Core Concepts
This guide explains the fundamental concepts and architecture of piblin_jax.
Architecture Overview
piblin-jax is built on a layered architecture designed for performance, composability, and ease of use:
Layered Architecture
┌───────────────────────────────────────────────────────────────────┐
│ Application Layer │
│ User Scripts, Notebooks, Custom Analysis, Rheology Applications │
└───────────────────────────────────────────────────────────────────┘
│
▼
┌───────────────────────────────────────────────────────────────────┐
│ User API Layer │
├───────────────────────────────────────────────────────────────────┤
│ ┌──────────────┐ ┌─────────────┐ ┌──────────────┐ │
│ │ Data │ │ Collections │ │ File I/O │ │
│ │ Structures │ │ (Measurement│ │ (Readers/ │ │
│ │ (Datasets) │ │ Set) │ │ Writers) │ │
│ └──────────────┘ └─────────────┘ └──────────────┘ │
└───────────────────────────────────────────────────────────────────┘
│
▼
┌───────────────────────────────────────────────────────────────────┐
│ Core Processing Layer │
├───────────────────────────────────────────────────────────────────┤
│ ┌──────────────┐ ┌─────────────┐ ┌──────────────┐ │
│ │ Transform │ │ Fitting │ │ Bayesian │ │
│ │ Pipeline │ │ (NLSQ) │ │ (NumPyro) │ │
│ │ System │ │ │ │ Models │ │
│ └──────────────┘ └─────────────┘ └──────────────┘ │
└───────────────────────────────────────────────────────────────────┘
│
▼
┌───────────────────────────────────────────────────────────────────┐
│ Backend Abstraction Layer │
├───────────────────────────────────────────────────────────────────┤
│ Array Operations │ Math Functions │ Backend Detection │
│ (JAX/NumPy) │ (exp, sin, ...) │ (jax/numpy) │
└───────────────────────────────────────────────────────────────────┘
│
▼
┌───────────────────────────────────────────────────────────────────┐
│ Foundation Layer │
├───────────────────────────────────────────────────────────────────┤
│ ┌──────────────┐ ┌─────────────┐ ┌──────────────┐ │
│ │ JAX │ │ NumPyro │ │ NumPy │ │
│ │ (JIT, GPU, │ │ (MCMC, │ │ (Fallback) │ │
│ │ Auto-diff) │ │ Bayesian) │ │ │ │
│ └──────────────┘ └─────────────┘ └──────────────┘ │
└───────────────────────────────────────────────────────────────────┘
Module Organization
piblin_jax/
├── data/ # Data structures
│ ├── datasets/ # Dataset types (0D, 1D, 2D, 3D)
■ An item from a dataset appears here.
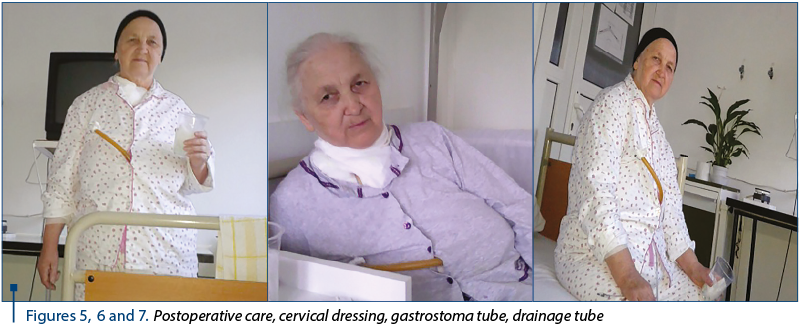 Figures 5, 6 and 7. Postoperative care, cervical dressing, gastrostoma tube, drainage tube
│ │ ├── base.py # BaseDataset abstract class
│ │ ├── zero_dimensional.py
│ │ ├── one_dimensional.py
│ │ ├── two_dimensional.py
│ │ └── three_dimensional.py
│ ├── collections/ # Hierarchical organization
│ │ ├── measurement.py # Single measurement
│ │ ├── measurement_set.py
│ │ └── experiment.py
│ └── metadata/ # Metadata handling
│ ├── core.py # Metadata validation
│ └── roi.py # Region of Interest
│
├── transform/ # Data transformation
│ ├── pipeline.py # Pipeline composition
│ ├── base.py # Transform abstract class
│ ├── dataset/ # Dataset transforms
│ │ ├── smoothing.py # Gaussian smoothing
│ │ ├── interpolation.py # 1D interpolation
│ │ └── normalization.py # Data normalization
│ ├── region/ # Region transforms
│ │ └── selection.py # ROI selection
│ └── lambda_transform.py # Custom transforms
│
├── bayesian/ # Bayesian inference
│ ├── base.py # BayesianModel class
│ └── rheology/ # Rheological models
│ ├── power_law.py # Power law model
│ ├── arrhenius.py # Arrhenius model
│ ├── cross.py # Cross model
│ └── carreau_yasuda.py
│
├── fitting/ # NLSQ curve fitting
│ ├── curve_fit.py # Main fitting interface
│ └── parameter_estimation.py
│
├── dataio/ # File I/O
│ ├── readers/ # Data readers
│ │ ├── csv_reader.py
│ │ └── registry.py # Reader registry
│ └── writers/ # Data writers
│ ├── csv_writer.py
│ └── registry.py
│
└── backend/ # Backend abstraction
├── detection.py # Detect JAX/NumPy
├── array.py # Array interface
└── math.py # Math functions
Data Flow
Typical workflow through the layers:
[CSV File] ──────────────► dataio.readers
│
▼
OneDimensionalDataset
│
▼
Transform Pipeline
┌─────────────────┐
│ Smoothing │
│ ↓ │
│ Interpolation │
│ ↓ │
│ Normalization │
└─────────────────┘
│
▼
Processed Dataset ──► Fitting/Bayesian
│
▼
Parameters +
Uncertainties
│
▼
[Results/Visualization]
Each transform in the pipeline:
Receives: Immutable dataset
Applies: JAX-optimized operations via backend layer
Returns: New immutable dataset (original unchanged)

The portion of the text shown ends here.